Former Treasury Secretary Lawrence Summers urged President Joe Biden to ditch the “usual laundry list of policy proposals” in his State of the Union speech, in favor of a pivot toward grappling with a global environment dramatically altered by Russia’s invasion of Ukraine and its tightening links with China.

In the same way that President Franklin D. Roosevelt pivoted from battling the Great Depression to winning World War II, Biden “needs to shift from being the ‘protect the middle class from the pandemic’ president to being ‘prepare America for the struggle ahead’ president,” Summers told Bloomberg Television’s “Wall Street Week” with David Westin on Friday. He said he was hoping for a “real change in tone.”

“We are looking at an event of potentially vast significance and concern,” Summers said in a follow-up interview Monday, referring to the Russian invasion of Ukraine and the tightening alignment of Russia with China. “Our ability to meet these challenges depends on recognizing them for what they are.”

Biden will need to rally Americans in a great campaign to support the principles of democracy in face of authoritarian threats, said Summers, a paid contributor to Bloomberg Television and a Harvard University professor.

The president delivers his address at 9 p.m. Washington time on Tuesday.

National endeavor

“The United States faces far graver challenges to its security than anyone would have thought likely even several years ago,” Summers said. “That needs to have ramifications for almost every aspect of our national life.”

Summers, also a former director of the White House National Economic Council, likened the importance of the tightening bonds between Moscow and Beijing today to the realignment of China toward the U.S. that President Richard Nixon achieved in 1972.

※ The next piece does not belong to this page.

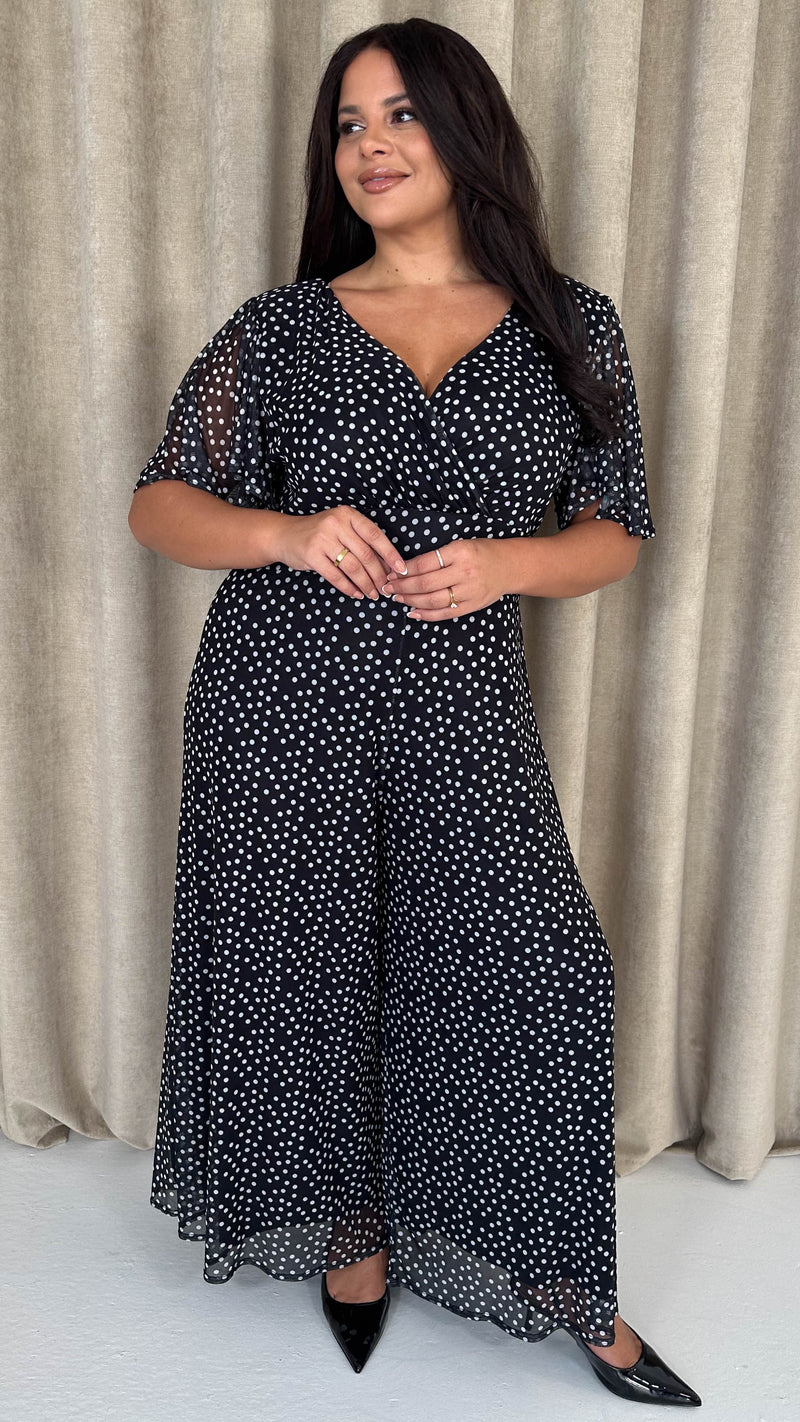 CurveWow Printed Mesh Angel Sleeve Wideleg Jumpsuit Spot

American corporate leaders are among those that may need to rethink their approaches in the new environment, he said. “Anyone who thinks that is not a challenge to their ability to flourish and profit as a business is making an enormous mistake.”

“There was a tendency for some CEOs to treat the United States as a kind of primitive loyalty, but to emphasize that they had to do what was best for their company — which could mean going anywhere and doing anything” in operations around the world, he said Monday.

Corporate responsibility

While not advocating “hard and fast rules” for U.S. companies’ engagement with China, Summers said too much effort has been spent by policy makers on American corporate interests in that country. Washington in the meantime “underinvested” in U.S. technological competitiveness.

“When we see the dominant emphasis in the economic policies of many countries shift from international integration to self-reliance as a dominant economic value, we know we are headed into a much more dangerous world,” he also said.

Summers urged Biden to put “more emphasis on our stake in what’s happening globally” with regard to challenges ranging from resisting aggression, confronting the pandemic and addressing semiconductor shortages to safeguarding the dollar’s status as the world’s reserve currency by moving to contain inflation.

“We are going to need to spend more on national defense and more on global security — in terms of not just military threats, but threats from climate change and threats from pandemics,” he said.